Voici l'éditorial très poignant de Didier Estoppey dans Le COurrier
J'ai cru que j'allais vomir.» Françoise Kopf, coordinatrice de l'association IGA SOS Racisme à Soleure, peine à se remettre de la scène dont elle dit avoir eu connaissance mardi dernier. Alertée par des requérants d'asile frappés de non-matière (NEM), elle s'est rendue à l'Office de la sécurité sociale, où ces refusés de l'asile étaient allés chercher, comme tous les quinze jours, le modeste pécule censé leur permettre de survivre (21 francs par jour, dont 8 pour la nourriture et 13 pour le logement). «Une vingtaine de requérants ont été contraints par huit policiers de s'entasser, une heure durant, dans un local de W.-C. pour handicapés. Sans aucune raison, puisque les personnes que souhaitait interpeller la police l'avaient déjà été auparavant. Le seul but de cette opération était de montrer à ces gens qu'ils sont des moins que rien. Ils ont d'ailleurs été profondément humiliés. Et si certains n'avaient réussi à calmer le jeu, les choses auraient pu mal tourner.»
Mais peut-être Françoise Kopf a-t-elle fait un mauvais rêve. Pour la police soleuroise, il ne s'est en effet rien passé. «Ce que raconte MmeKopf n'est pas vrai, affirme ainsi laconiquement Hans von Rohr, numéro deux de la police cantonale. D'ailleurs, cette dame n'était pas là.» Les propos sont moins catégoriques à l'Office de la sécurité sociale. Son responsable confirme que des policiers sont venus interpeller cinq requérants. Mais n'a rien vu de ce qui se serait passé du côté des toilettes.
Les dénégations officielles font sourire Mme Kopf: «J'ai une vingtaine de témoignages signés. J'ai moi-même parlé à plusieurs policiers, dont le chef de l'opération. Qui m'a affirmé que les requérants n'avaient pas été enfermés, puisque la porte des W.-C. était restée ouverte... J'ai aussi vu la police emmener dans son fourgon, avant de le relâcher, un requérant qui avait eu l'audace de protester contre ces traitements inhumains. Dans ce canton dont un responsable de la police des étrangers m'a dit un jour que les requérants n'étaient pas des êtres humains mais des parasites, il ne faut malheureusement plus s'étonner de rien.»
Les contrevérités des uns ou des autres pourraient faire encore parler un peu d'elles. Alerté, Amnesty International a en effet décidé d'enquêter sur le cas et de demander une entrevue avec la police soleuroise. La Commission fédérale contre le racisme s'est elle aussi émue de l'affaire.

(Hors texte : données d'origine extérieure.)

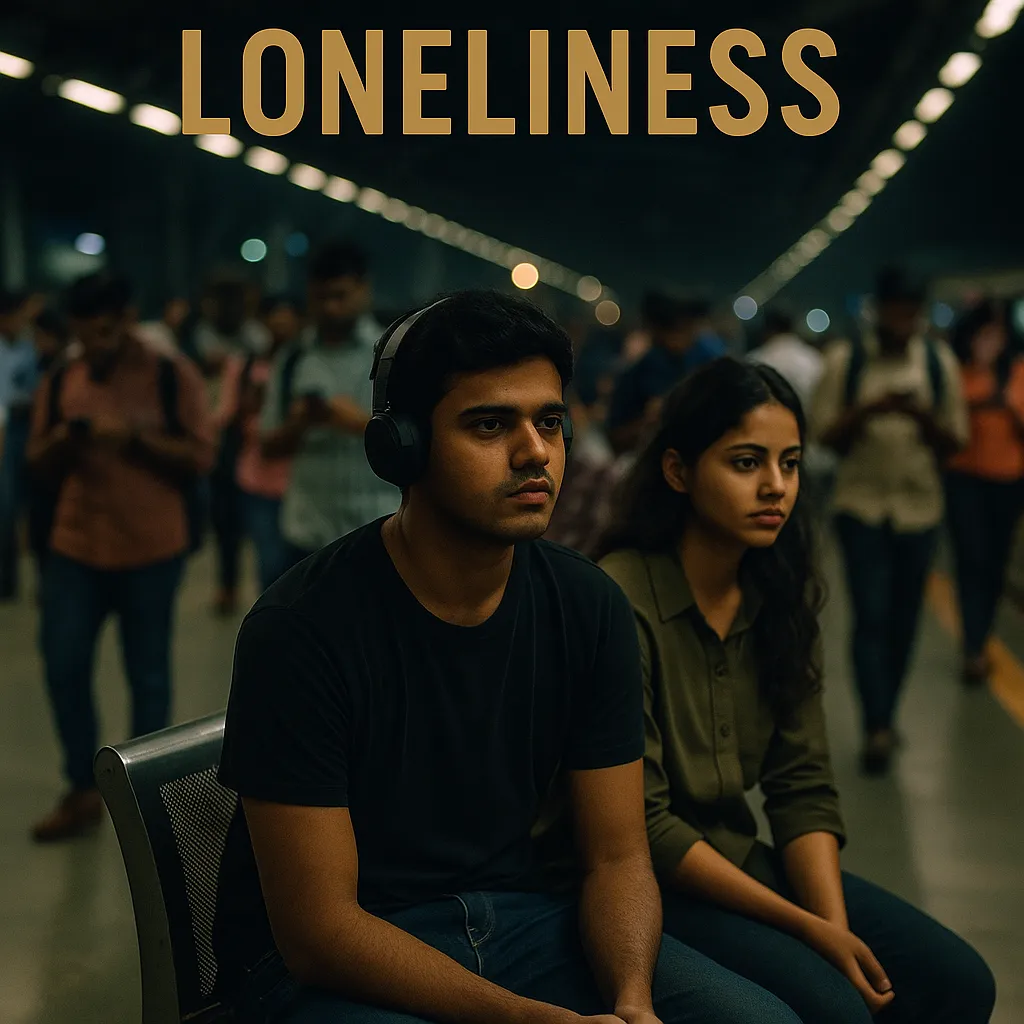 The Loneliness Epidemic Hiding Behind India's Screens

Quel que soit le sort que connaîtront finalement ces allégations, ce n'est pas la première fois que Soleure défraie la chronique à cause du traitement que réserve ce canton à ses requérants frappés de non-entrée en matière. Il avait refusé purement et simplement de leur verser le moindre centime, jusqu'à ce qu'un jugement du Tribunal fédéral, en mars dernier, ne l'y contraigne. Les modiques sommes qui leur sont versées n'en font pas moins l'objet d'un «racket» sous forme d'amendes pour séjour illégal qui pleuvent sur les requérants, ceux-ci se voyant ensuite confisquer leur pécule ou leur téléphone portable, dénonce IGA SOS Racisme. «Nous avons aussi déposé une cinquantaine de demandes individuelles pour que le canton, qui n'a rien prévu pour loger ces requérants, assume ses devoirs, souligne MmeKopf. On nous a promis une réponse, qui tarde. Peut-être bien qu'elle vient de tomber, sous forme de représailles, avec cette affaire des toilettes...»
La militante dénonce aussi une multiplication des séjours en prison pour les NEM, dont certains souhaiteraient d'ailleurs rentrer chez eux, sans pouvoir obtenir les papiers nécessaires. L'Office de la sécurité sociale confirme d'ailleurs la présence occasionnelle de policiers dans ses locaux, à l'heure où les requérants viennent chercher leur aide minimale d'urgence. Tout ce qui peut être entrepris pour décourager les «parasites» de s'accrocher en Suisse semble donc bel et bien avoir été tenté. A moins d'aller jusqu'à tirer la chasse.